Hello, where do you get and what brand of copper and chrome tape do you all get? 

I went looking but only found what looks like it's like regular tape with no paper backing..

Any help, online sources etc.. 

Thanks!


----------



## mbroberg (Oct 25, 2015)

jlnel said:


> Hello, where do you get and what brand of copper and chrome tape do you all get?
> 
> I went looking but only found what looks like it's like regular tape with no paper backing..
> 
> ...



The Silver tape is easy......Nashua Tape 1.89 in. x 50 yd. 322 Multi-Purpose HVAC Foil Tape-1207792 - The Home Depot

Look here for copper tape
Amazon.com: copper tape: Arts, Crafts & Sewing


----------



## iMattDaddy (Oct 29, 2015)

jlnel said:


> Hello, where do you get and what brand of copper and chrome tape do you all get?
> 
> I went looking but only found what looks like it's like regular tape with no paper backing..
> 
> ...



Sorry I'm going to be zero help, but I'm curious to see what these blanks look like if you know where I can find examples.


----------



## mark james (Oct 29, 2015)

A few examples


----------



## Marnat3 (Nov 1, 2015)

I have seen copper tape at Hobby lobby in the stained glass area.
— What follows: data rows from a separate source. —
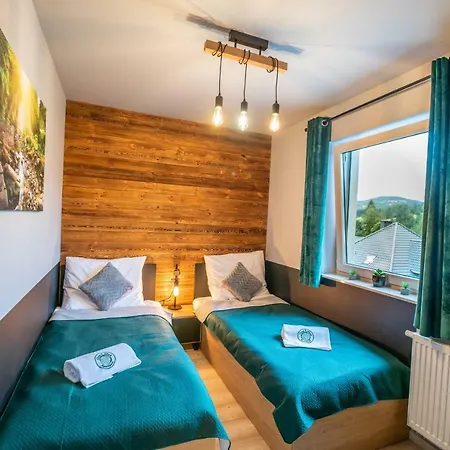 Apartament Green Wood *
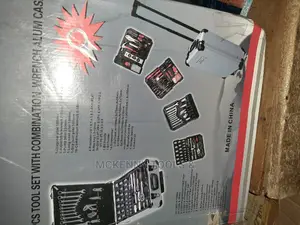 187 Tool Set With Combination Wrench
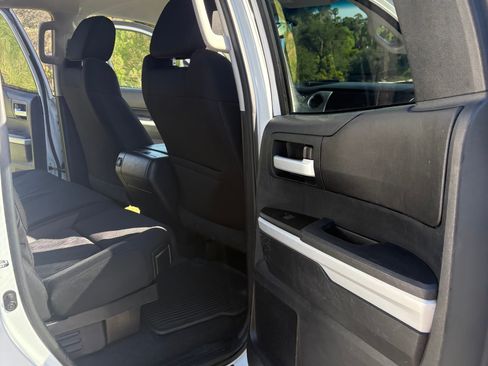Used 2015 Toyota Tundra SR5 image 10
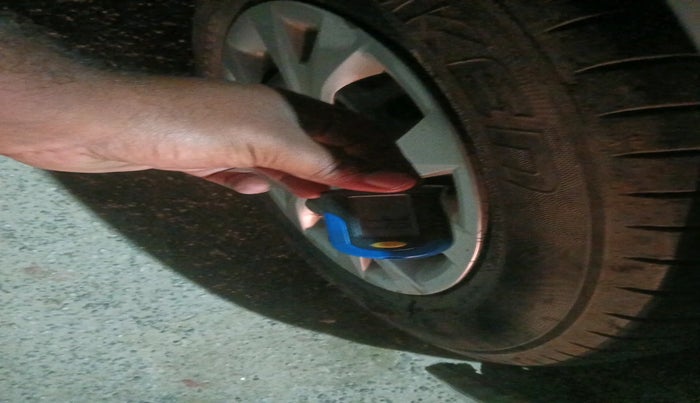 2014 Hyundai Grand i10 SPORTZ 1.1 CRDI, Diesel, Manual, 1,09,363 km, tyre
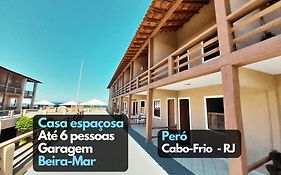 Casa espaçosa à beira-mar Peró Cabo Frio RJ
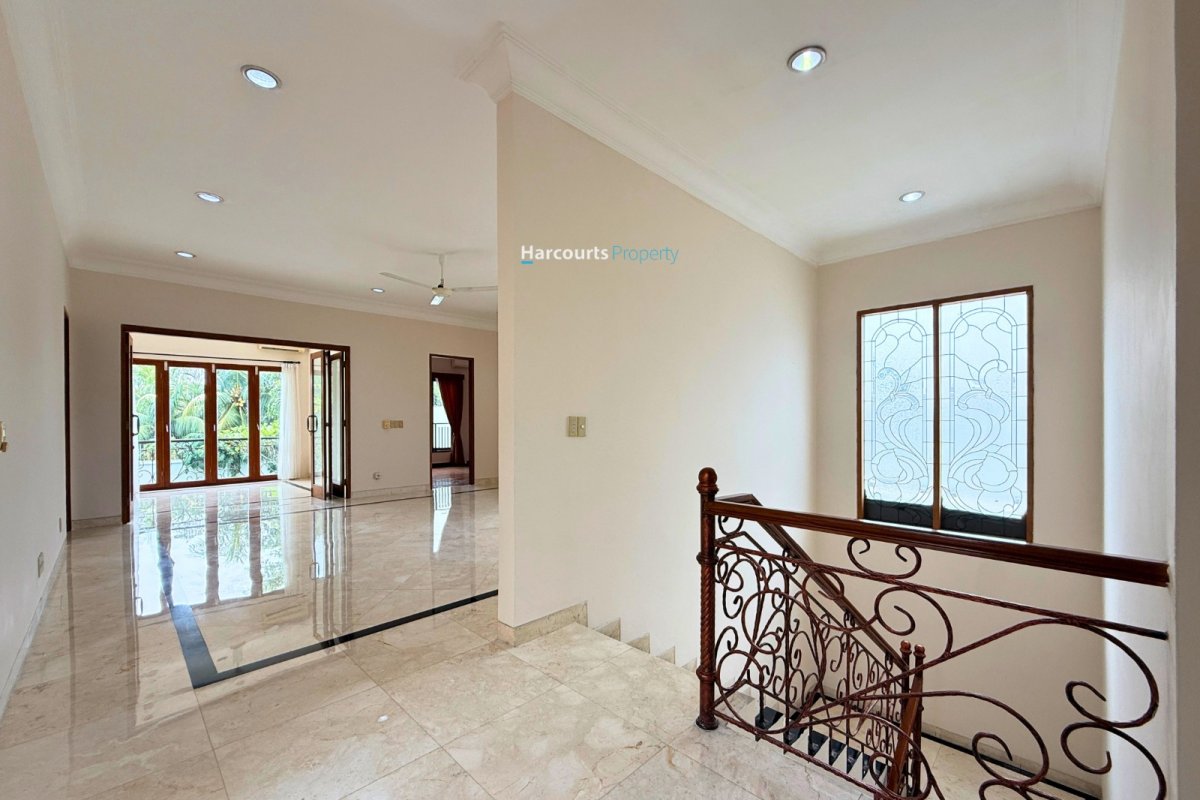 Disewakan Rumah Mediteranean  Modern Lingkungan Tenang Lokasi Strategis di Kemang - Foto 8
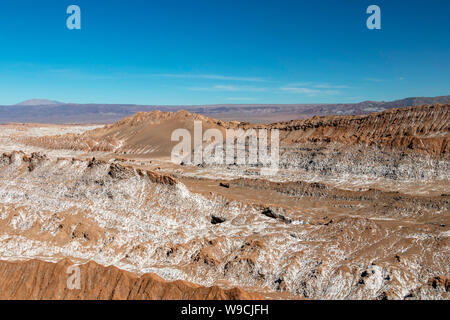 Deserto di Atacama paesaggio in Cile: la Valle della Luna area (Valle de la Luna), formazione geologica di pietre e sabbia situato nel sale mountain range Foto Stock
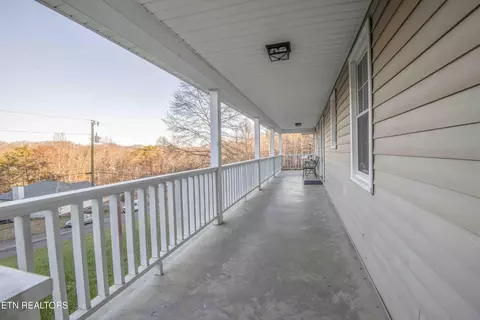 111 Valley View Ln, Heiskell, TN 37754 photo 5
Its used to wrap the edges of the glass pieces before soldering. Hope this helps.


----------



## Skeleton2014 (Nov 1, 2015)

mbroberg said:


> jlnel said:
> 
> 
> > Hello, where do you get and what brand of copper and chrome tape do you all get?
> ...



If you're going to Home Depot look in the garden department for the copper tape.  It's called Correy's Slug and Snail Copper Tape... Less than $10 for a 15 foot roll. I used it last year for one of the PITHs. It was just the right thickness after trying the local hobby store (too thin) and one of the big box craft stores (too thick). Good luck, Jeff


----------